Dining cabins offer new use for specially designed interlocking bottles
June 30, 2021
In the wake of the COVID-19 pandemic, restaurants throughout New York City and elsewhere use bespoke outdoor structures to offer safer dining experiences for their customers. However, many of these installations do not adequately protect servers, physically separate diners, provide thermal comfort, or easily disassemble if street maintenance is needed.
In addition to offering all of these features, a new project called Friendship Cabins — designed by researchers at the Center for Architecture Science and Ecology (CASE) at Rensselaer Polytechnic Institute in collaboration with the team at Friendship Products — has the added benefit of being made with upcycled, environmentally friendly materials.
The first Friendship Cabins were recently installed at Peaches Kitchen & Bar in Brooklyn under the supervision of Josh Draper, a lecturer in the School of Architecture at Rensselaer. Two cabins were built using Friendship Bottles, next-generation interlocking plastic bottles, as infill for the lumber walls of the structures.

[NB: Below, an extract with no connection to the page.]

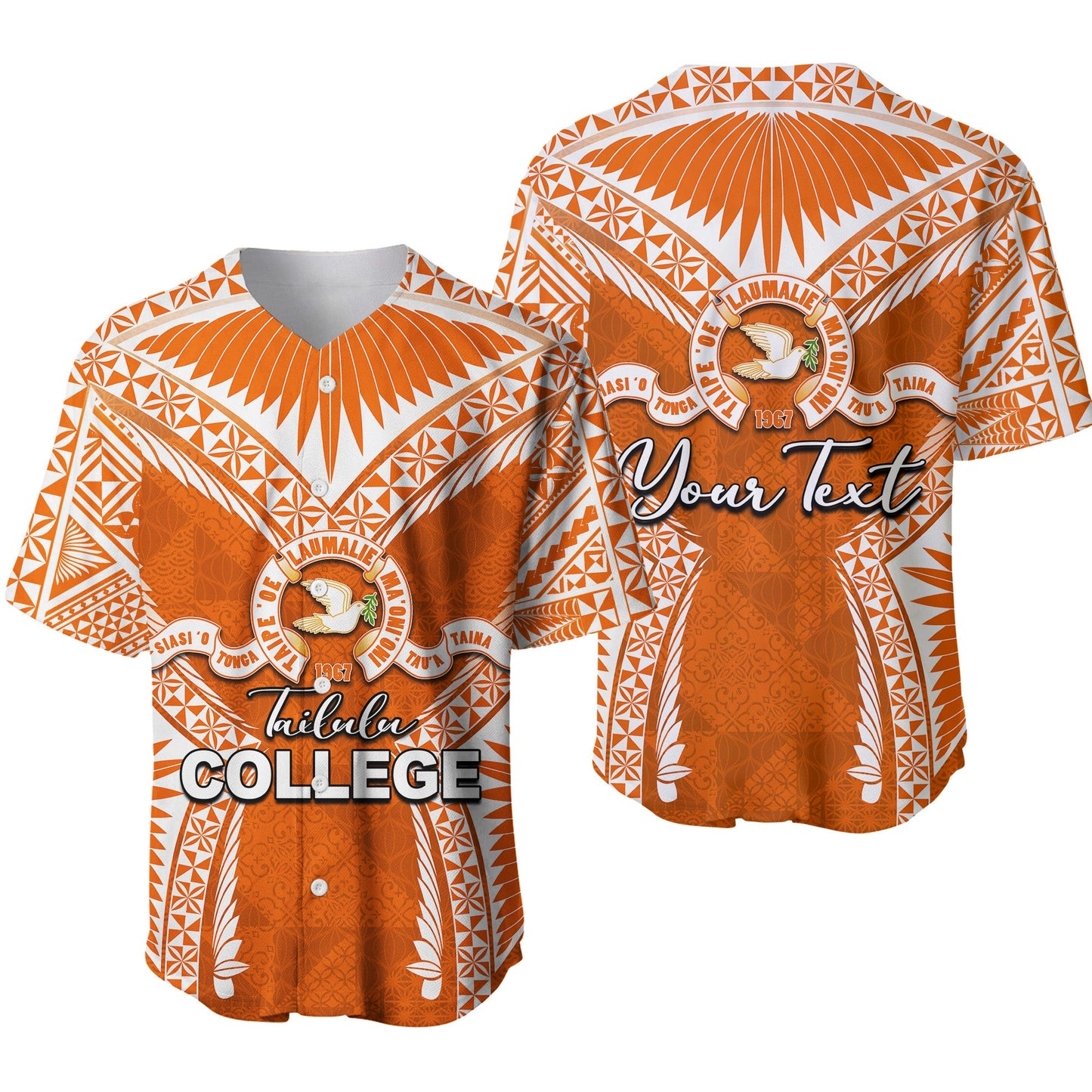 (Custom Personalised)Tailulu College Baseball Jersey Orange Style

“Outdoor dining is a laboratory for the future of smart design in New York City,” Draper said. “Friendship Cabins are not only practical, they are robust test beds for CASE to reimagine health and hospitality, plastic waste, and public performance in the city.”
The cabins are a new use for an ongoing architectural and engineering research project at Rensselaer examining how to best utilize interlocking Friendship Bottles, made using patented technology from Friendship Products. In lieu of becoming yet more waste floating in the oceans, these bottles are designed to be upcycled as building materials. Other research at Rensselaer is examining how Friendship Bottles could be used to build shelters following a hurricane or other natural disaster.
“Friendship Cabins demonstrate that bottles made with this new technology can be upcycled to create useful and compelling structures,” said Tim Carlson, the managing partner of Friendship Products. “This technology can convert single-use bottles into building material that will never end up in the ocean.”
Movable and easily disassembled, the cabins can be shifted for street maintenance, expanded, or upgraded. Seating four people comfortably, each cabin is constructed with 2,144 Friendship Bottles. Engineered for 105 mph winds as per New York State code for temporary structures, the cabin wall modules were mechanically tested on a shake table and shown to surpass required capacity.
“We have learned in the pandemic that even with COVID-19 public health and social distancing requirements, people crave the experience of coming together to share food, conversation, laughter,” said Craig Samuels, an owner of Peaches Restaurant. Co-owner Ben Grossman said, “What started out as a simple neighborly communication has turned into a new way to serve our greater community through the smarter use of our environment.”
The sustainable and future-focused nature of Friendship Cabins and related projects exemplifies the cross-disciplinary research into decarbonizing urban environments being led by the new Institute for Energy, the Built Environment, and Smart Systems (EBESS), the launch of which was recently announced by Rensselaer President Shirley Ann Jackson at the Leaders Summit on Climate hosted by President Biden.
At Rensselaer, Draper’s partners on this project are Mohammed Alnaggar, an assistant professor of civil and structural engineering, and Alexandros Tsamis, an assistant professor of architecture and the associate director of CASE.
Several undergraduate students in the School of Architecture at Rensselaer have contributed to research on Friendship Bottles, and specifically the Friendship Cabins project. For example, students designed scenarios using smart lighting and ventilation to support health protocols and explore new ideas of hospitality and art within a community.